I will check next time we see them (if they don't notice this post) and feedback for your database.

Dave 

P.S. Please remind me if I forget - it's an ever present danger! :roll:


----------



## KeithChesterfield (Mar 12, 2010)

Zebedee - I've got an address - Cabinet Veterinaire, 58 Rue de la République, 76940 La Mailleraye-sur-Seine - but no other details.

Any help appreciated and up-dated List out shortly.


----------



## KeithChesterfield (Mar 12, 2010)

Zebedee - I've got an address - Cabinet Veterinaire, 58 Rue de la République, 76940 La Mailleraye-sur-Seine - but no other details. 

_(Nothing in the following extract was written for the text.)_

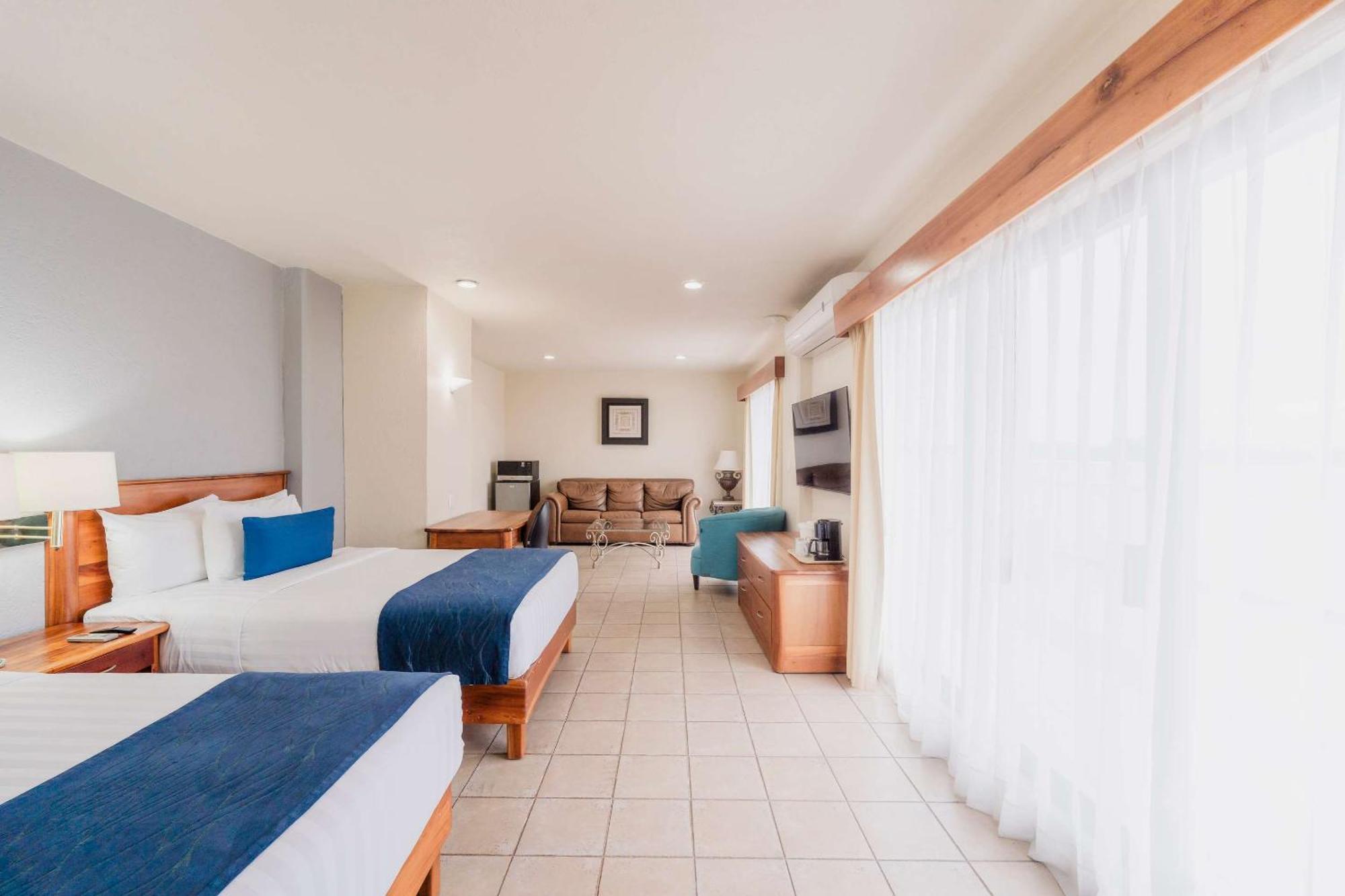 Comfort Inn Tampico Kültér fotó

I've been having another Senior moment!

I've found the thread and all the details from a post by gaspode in June and will add to List asap.


----------



## The-Cookies (Nov 28, 2010)

Dr Guillaume Fraiman


----------



## KeithChesterfield (Mar 12, 2010)

Dr Guillaume Fraiman 72200 La Pichonnière, Clermont-Créans, France - is this the correct address?

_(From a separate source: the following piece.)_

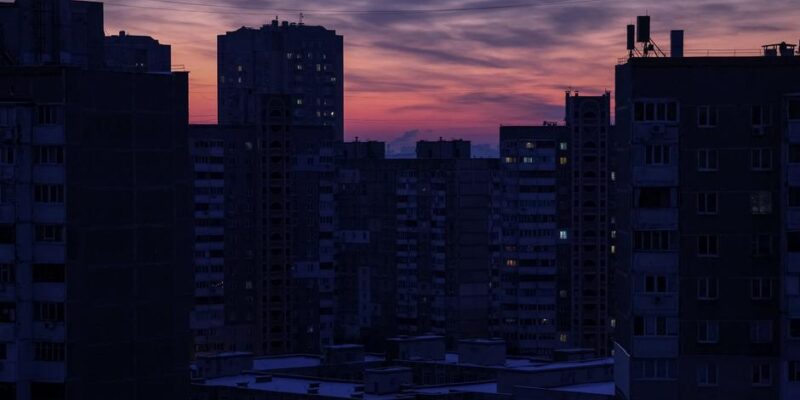 ЕС направит в Украину сотни аварийных генераторов 1 75476709 403.jpg Deutsche Welle генераторы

Although you feel you were possibly 'ripped off' - did the Vet do a thorough examination of your dog and was the Pet Passport stamped and dated correctly?

Perhaps the Vet was having a 'bad' day and may still be of use to anyone else who uses the Aire at La Fleche.


----------



## The-Cookies (Nov 28, 2010)

that's the one.

the vet examined the dog , although did not check the chip, and would not give a normal listed receipt even when one was requested, just gave a money receipt.

Did not watch us give the worming tablets either.

did offer a 10% discount if we returned though, definitely not


John


----------



## KeithChesterfield (Mar 12, 2010)

I'm suprised he didn't check the chip as he has to be sure the chip number and the number in the Pet Passport correspond.

I'll put the Vet on the list - but with a 'warning' to anyone else who may call there that he doesn't seem fully aware of the Pet Passport regulations.


----------



## LisaB (Apr 24, 2009)

Is it the one on the corner opposite the aire ?


----------



## mmck28 (Nov 22, 2010)

I am doing a bit of planning for my summer trip and I had pencilled in La Flèche on the way back, partly to go to the vets with the dog.

Having now read this thread I am having second thoughts. I was wondering if any others have had an experience of this vet (Fraiman) in La Flèche or indeed the other vets in the town (Chaligne-Beduneau Serarl).

Any further info would be greatly appreciated

Thanks

Mark


----------